Background technology
Ansamitocin (Ansamitocins) is a kind of high cell toxicity antineoplastic compound [1-2].Thereby its mechanism of action is to combine the assembling of antagonism tubulin with tubulin, and its action site overlaps with vincaleucoblastine.Its cytotoxicity is 100 to 1000 times [3-6] of traditional chemotherapeutic vincristine(VCR), Rheumatrex and daunorubicin.The parent nucleus of ansamitocin is the Macrolide maytansinol, and its homologue comprises the maytenin of plant origin and Maytanperline etc.
Precious orange synnema actinomycetes can produce 6 kinds of ansamitocin homologues, and they are ansamitocin P0, P1, P2, P3, P4, P4 ', also produces a small amount of ansamitocin glycosides.Wherein primary product is ansamitocin P3, secondly is ansamitocin P2, and their cytotoxicity is similar.At this compounds of the U.S., once entered II clinical trial phase [7] as maytenin; Also once in clinical application, medicine is called maytansine at home.Because this compounds cytotoxicity is strong, the clinical application side effect is withdrawed from clinical treatment in the later stage eighties too greatly.In recent years, because the rise of neoplasm targeted therapy, this class strong cytotoxicity compound is used to the bullet molecule and targeted molecular couplings formation target mixtures such as antibody or part of target therapeutic agent, and what wherein have carries out II clinical trial phase [8-10].At present, the approach that obtains maytansinol class microtubule inhibitor probably has 3 kinds, and they are respectively 1, extract from Caulis Mayteni plants such as (Maytenus hookeri Loes).2, complete synthesis or semi-synthetic.3, microbial fermentation.Because Caulis Mayteni class plant contains maytenin and homologue content is very low; Complete synthesis and semi-synthesizing technology complexity, process is loaded down with trivial details, and productive rate is very low.To obtain this compounds be the most convenient and cheap to the microbial fermentation approach by contrast.Yet, because the composition complexity of actinomycetes fermentation liquor own, obtain high purity ansamitocin compounds and be badly in need of a kind of separation purification method fast and efficiently.Traditional method of extracting ansamitocin from actinomycetes fermentation liquor is generally column chromatography, because the limitation of column chromatography separation method itself, as; Easily produce irreversible adsorption, easily pollute, speed is slow, complex steps, time-consuming etc., greatly reduces the efficient and the fermentation income of separation and purification.

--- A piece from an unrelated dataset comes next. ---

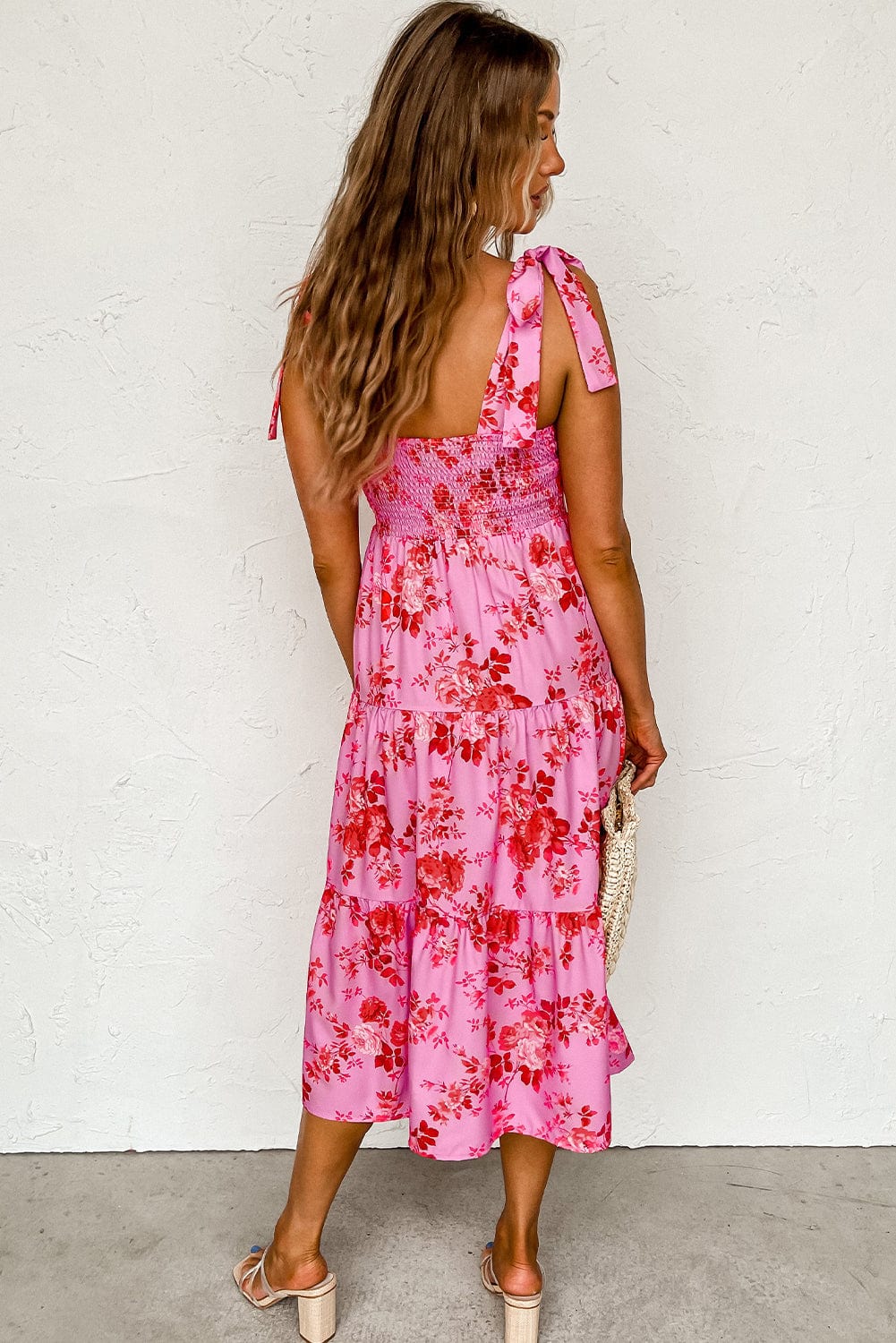 Pink Floral Tiered Bohemian Midi Dress with Tie Shoulder Straps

High performance countercurrent chromatography technology (HPCCC) is a kind of different with the conventional post chromatographic process high efficient separation technology [11-12] that grows up the eighties.It need not solid packing, but makes the separation and purification of carrying out natural product under the mode of high speed planetary motion in supporting tube of the immiscible solvent system of two-phase.Thereby avoided some shortcomings of column chromatography, can accomplish not have irreversible adsorption, no sample loss, efficient and fast separating and purifying gram grade (even feather weight) sample.

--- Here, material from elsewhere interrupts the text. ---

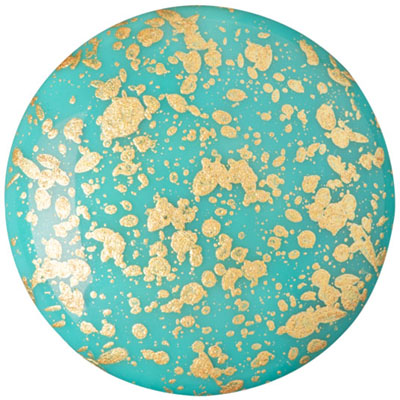 GCPP25-753 - Cabochons par Puca - opaque green turquoise gold splash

But,, its solvent system of different target products and separation condition are all needed to grope separately because the character of target product is different.The ansamitocin of high performance countercurrent chromatography technology separating and purifying high-purity from precious orange synnema actinomycetes fermentation crude extract is not arranged at present as yet, separate the report of the method for ansamitocin P2 and ansamitocin P3 especially simultaneously.
Summary of the invention
The technical problem to be solved in the present invention provide a kind of from precious orange synnema actinomycetes fermentation crude extract the novel method of the ansamitocin of high efficiency separation purification of high-purity.
The technical scheme that solves the technology of the present invention problem is a kind of method that the separation and purification from precious orange synnema actinomycetes fermentation crude extract of high performance countercurrent chromatography technology obtains highly purified ansamitocin P2 and ansamitocin P3 of using.Solvent system in this method is that four kinds of components of a: b: c: d=1~0.4: 1: 1~0.4: 1 constitute by the volume ratio scope; Wherein a component is normal hexane or hexanaphthene; The b component is ethyl acetate or n-butyl acetate; The c component is methyl alcohol or ethanol; The d component is a water.

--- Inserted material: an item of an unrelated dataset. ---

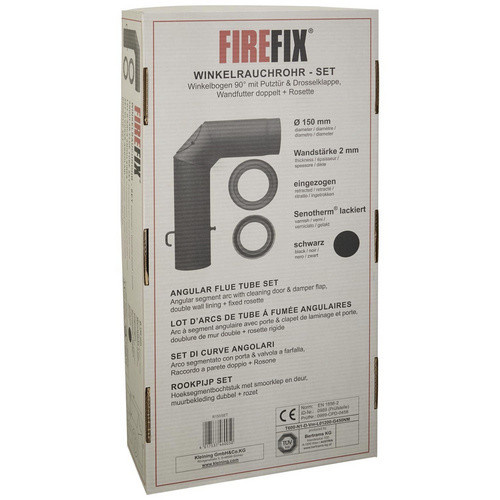 FIREFIX Winkelrauchrohr aus Stahl in Schwarz, Durchmesser: 15 cm, Länge: 45 cm - Bild 2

Further, solvent system is that four kinds of components of a: b: c: d=0.5~0.7: 1: 0.5~0.7: 1 constitute by the volume ratio scope in the aforesaid method.
Further, four of solvent system kinds of component volume ratio scopes are a: b: c: d=0.6 in the aforesaid method: 1: 0.6: 1.
Further again, a component in the aforesaid method in the solvent system is a normal hexane; The b component is an ethyl acetate; The c component is a methyl alcohol; The d component is a water.
Concrete, aforesaid method may further comprise the steps:
A, in liquid separatnig container, prepare solvent system, shake up the back standing demix; After treating abundant balance, getting is stationary phase mutually, is moving phase mutually down;
B, stationary phase is pumped in the post of high performance counter current chromatograph, treat that stationary phase fills up the back moving phase is pumped into the running balance of the built-in three-dimensional system of post;
Separate behind c, the fermentation crude extract sample introduction with precious orange synnema actinomycetes, last sample concentration can be at 1~25mg/ml, and the ultraviolet detection wavelength is 254nm, collects ansamitocin P2 peak and ansamitocin P3 peak respectively.
The objective of the invention is to use the separation and purification from precious orange synnema actinomycetes fermentation crude extract of high performance countercurrent chromatography technology and obtain highly purified ansamitocin P2 monomer and ansamitocin P3 monomer.The used precious orange synnema actinomycetes bacterial strain that ferments can be: Actinosynnema pretiosum subsp.ATCC 31281, Actinosynnema pretiosum subsp.ATCC31309, Actinosynnema pretiosum subsp.ATCC 31565 etc.Above-mentioned various precious orange synnema actinomycetes fermentation crude extract generally is meant the organic extract of its fermented liquid, as acetic acid ethyl ester extract, and acetone extract etc.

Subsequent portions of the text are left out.